System Architecture¶
The Onion Peeler is built on top of Scrapy and web-poet, it is designed to be highly maintainable, performant, and automated. It represents a significant departure from traditional headless browser-based scrapers, focusing instead on a modular, configuration-driven approach that minimizes the need for custom code when adding new target sites.
Architectural Philosophy¶
The core philosophy is to decouple Extraction Logic from Crawl Mechanics.
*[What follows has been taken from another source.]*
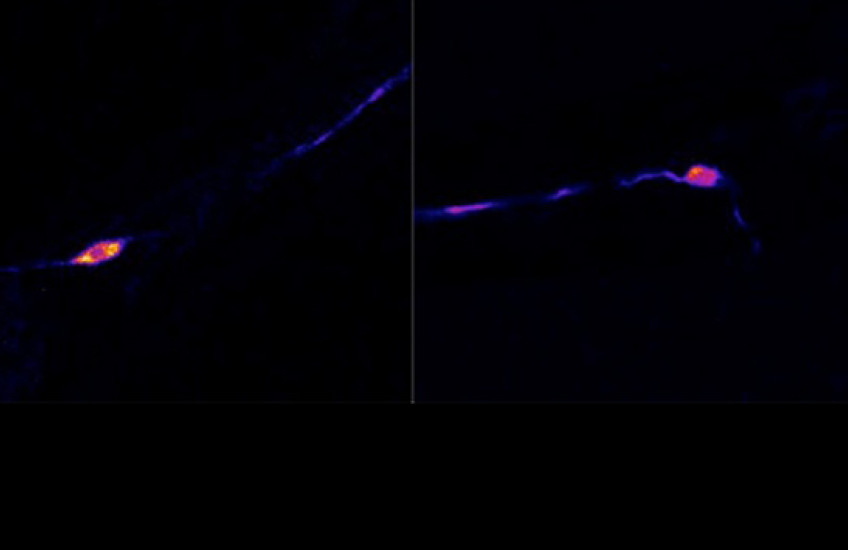Two neurons shown side by side have different rates of subtle flashing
By using configuration files (TOML) to define how a site should be scraped, we can scale support for new dark web forums without modifying the application's core Python code.
Core Design Goals¶
- Maintainability: Centralized configuration and comprehensive documentation reduce debugging time.
- Performance: Leveraging Scrapy's asynchronous engine significantly reduces CPU and memory footprint compared to headless browsers.
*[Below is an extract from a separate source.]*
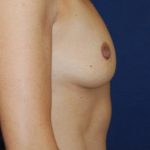Breast Augmentation Before & After Patient #201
- Automation: Robust handling of connection timeouts, retries, and proxy rotation (Tor/VPN) minimizes manual intervention.
High-Level Component Map¶
The application is divided into several logical layers, each with a specific responsibility.
graph TD
subgraph User_Space
ScrapyCLI[Standard CLI\nscrapy crawl ...]
Configs[config/sites/ directory]
end
subgraph Config_Layer [src/onion_peeler/settings]
Loader[loader.py]
Models[models.py]
Configs -->|Read TOMLs| Loader
Loader -->|Validates| Models
Models -->|Returns| SiteConfigObj[SiteConfig Object]
end
subgraph Scrapy_Engine [Scrapy Core]
ScrapyCLI -->|Start Process| Crawler
Crawler[Crawler Process] -->|Spawns| Spider[ConfigDrivenSpider]
SiteConfigObj -->|Injected| Spider
subgraph Middleware_Layer [src/onion_peeler/middlewares]
Spider -->|Requests| Routing["ProxyMiddleware (proxy.py)"]
Routing -->|Checks URL| Decision{Is .onion?}
Decision -- Yes --> TorProxy[Tor SOCKS Proxy]
Decision -- No --> VpnProxy[VPN Gateway]
end
end
subgraph Logic_Layer [src/onion_peeler/pages]
Response -->|Injected via web-poet| Factory[factory.py]
Factory -->|Instantiates| PageObj[ConfigurableWebPage]
PageObj -->|Extracts| Items[Item Objects]
end
subgraph Data_Layer [src/onion_peeler/pipelines]
Items -->|Validate| Val[validation.py]
Val -->|Enrich| Enrich[enrichment.py]
Enrich -->|Save| Storage[storage.py]
end
TorProxy -->|Tor Network| DarkWeb((Dark Web))
VpnProxy -->|VPN Tunnel| ClearWeb((Clear Web))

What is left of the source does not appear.